Researching the global shipping industry, I saw how modern mega-vessels offer the efficiency consumers demand, at a price

However grim and difficult life these days is, I’d still prefer to be sitting on dry land in lockdown than trying to do a three-point turn on the Suez canal with a 400-metre cargo ship under my control. Wouldn’t you? The grounding of the Ever Given container vessel in the Suez canal has provoked both hilarity and genuine concern. Vessels have got stuck before in the canal: at its narrowest, the “ditch in the desert”, as crew on the container vessel I travelled with in 2010 told me, is only 300 metres wide. It’s tight. That’s why ships must wait at either end to be sent through in a slow convoy. But the Ever Given is longer than the canal is wide, and it is stuck sideways. A simple shunt off the banks will not work.
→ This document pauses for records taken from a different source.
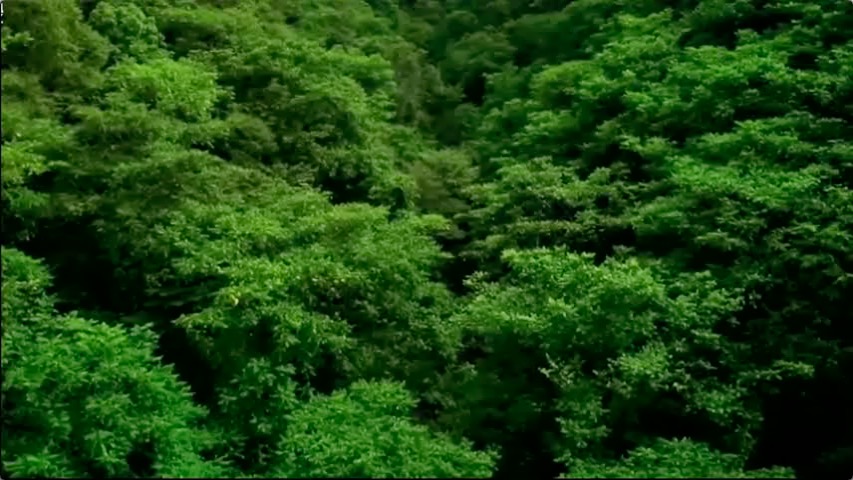 123.jpg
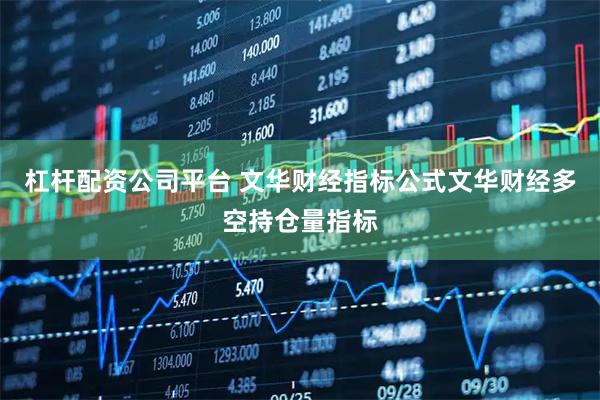杠杆配资公司平台 文华财经指标公式文华财经多空持仓量指标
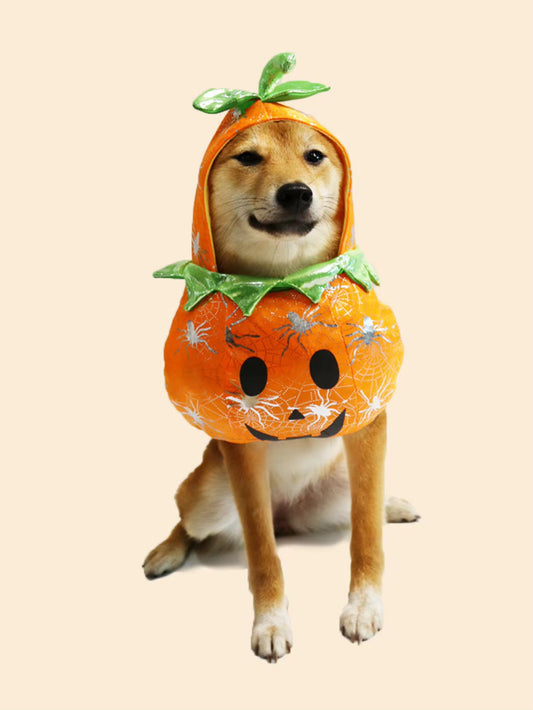 Pumpkin Halloween Costume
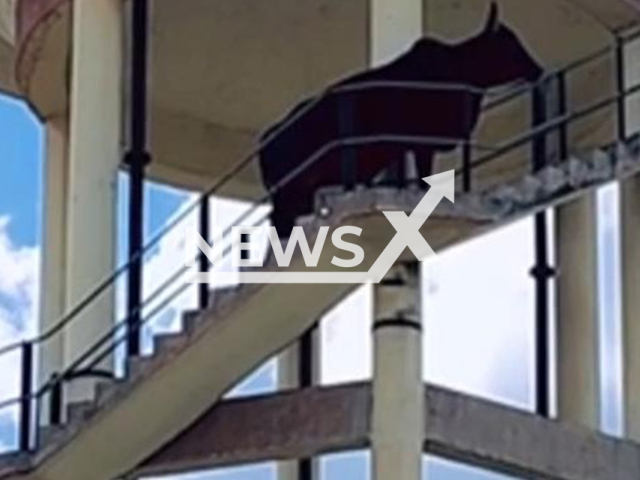 Video shows the bull that climbed on a water tank in Ajmer, Rajasthan, India, undated. A crane was used for the rescue.Note: Photo is a screenshot from a video. (Newsflash/NX)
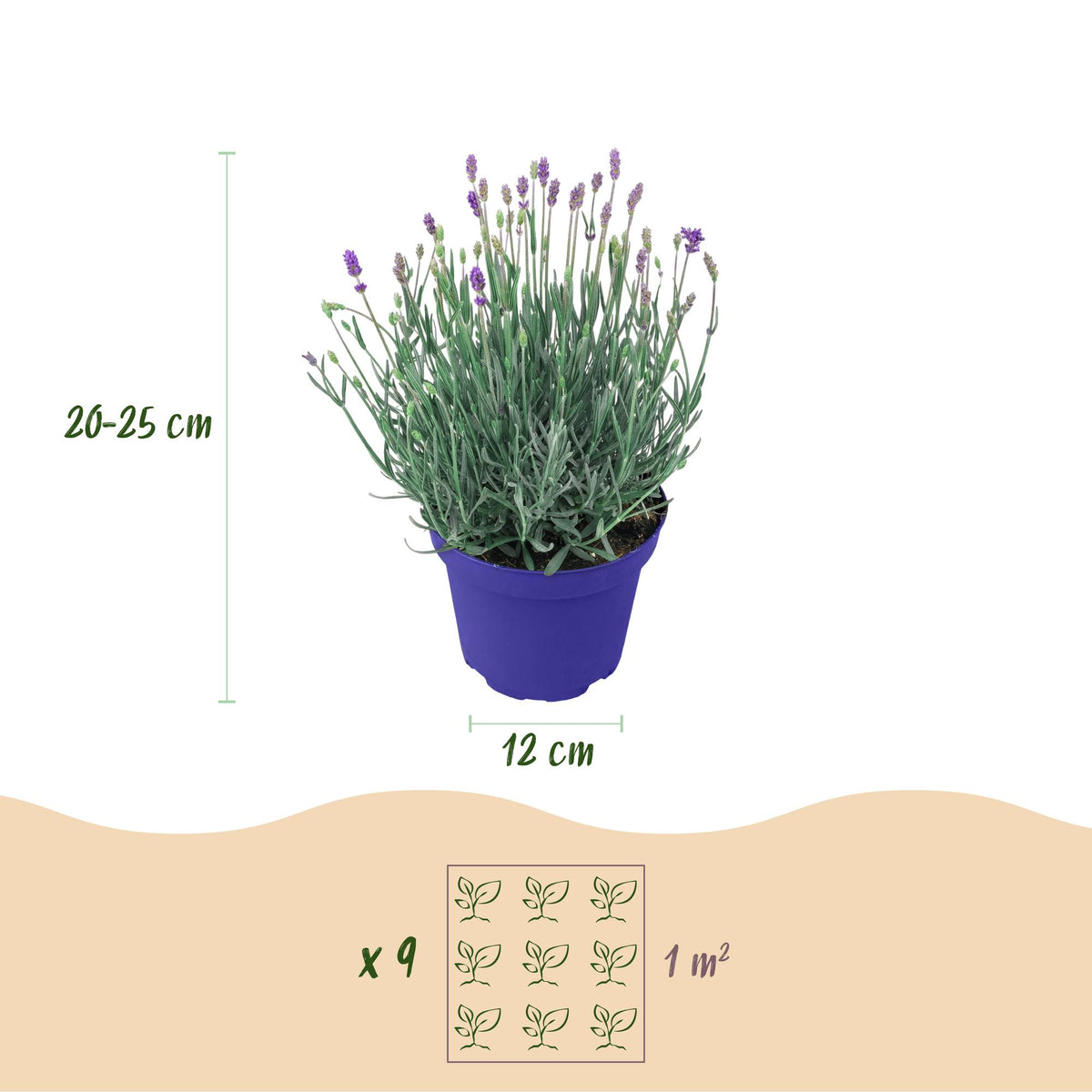 Green boutiQ - Plante de jardin - Lavandula angustifolia Hidcote - Lavande - Rustique - Violet - 18 plantes - Pot 12 cm - Hauteur 15-25 cm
The blockage is costly in all sorts of ways, as well as embarrassing for the Taiwan-based Evergreen Marine, the company that operates the ship. The Suez canal was opened in 1869, after the French engineer Ferdinand de Lesseps employed forced labour to improve rudimentary pre-existing canals (that had been in existence probably since the time of Pharaoh Senusret III) and created an essential thoroughfare for marine traffic, expending many lives in the process and taking 10 years.